- _What you need to do_
Give again, exactly as written, each line of the material below starting at the line that contains "Engine AUDI A4" and ending at the line that contains "O casamento de". Both ends count, and no other line does.

- _Records for processing_
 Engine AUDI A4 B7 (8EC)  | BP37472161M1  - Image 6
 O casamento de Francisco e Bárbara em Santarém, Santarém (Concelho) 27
---
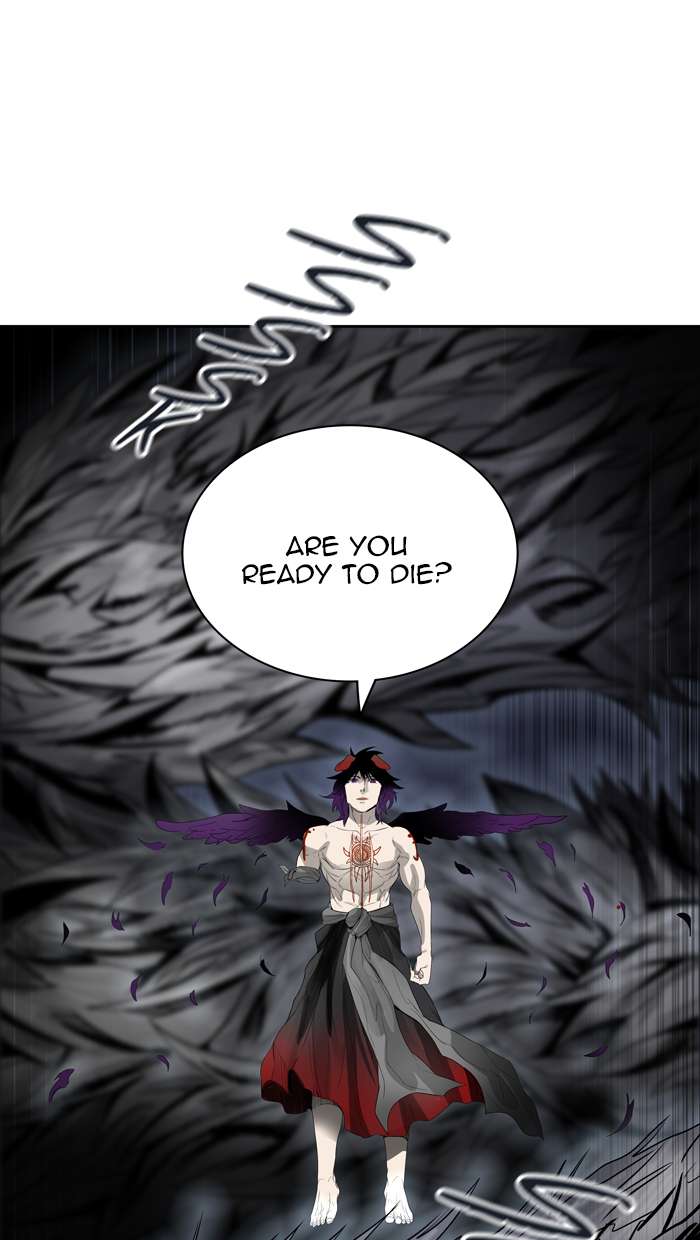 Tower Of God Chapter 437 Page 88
---
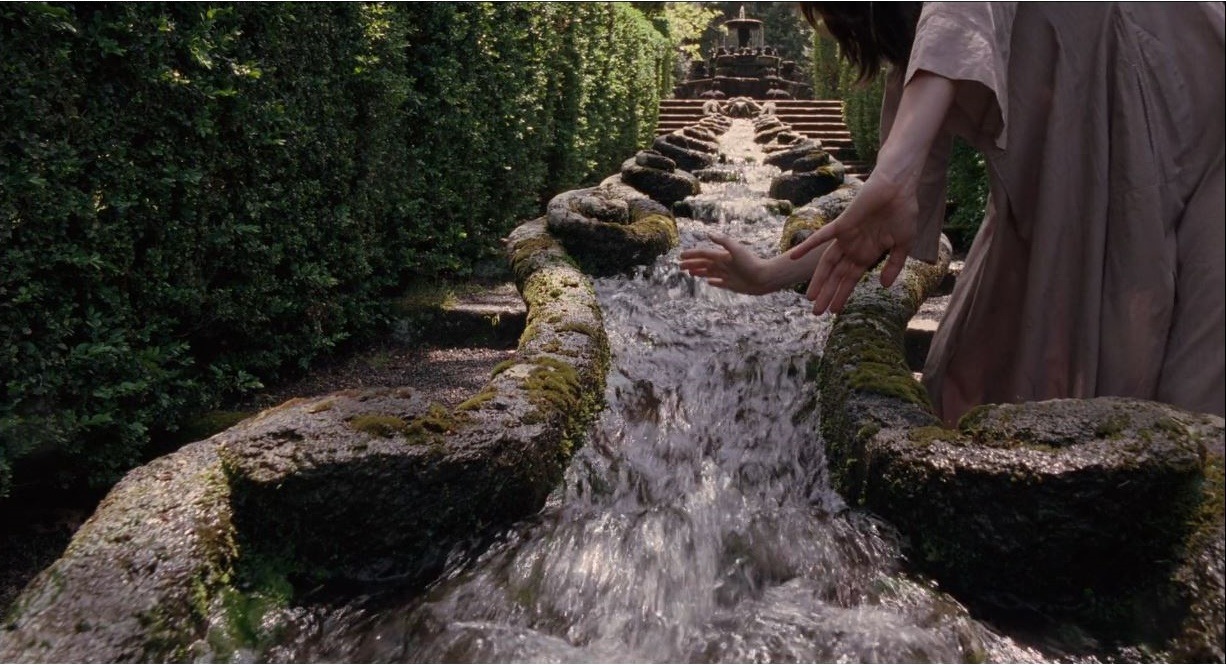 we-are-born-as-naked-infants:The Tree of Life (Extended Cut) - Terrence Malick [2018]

- _Solution below_
 Engine AUDI A4 B7 (8EC)  | BP37472161M1  - Image 6
 O casamento de Francisco e Bárbara em Santarém, Santarém (Concelho) 27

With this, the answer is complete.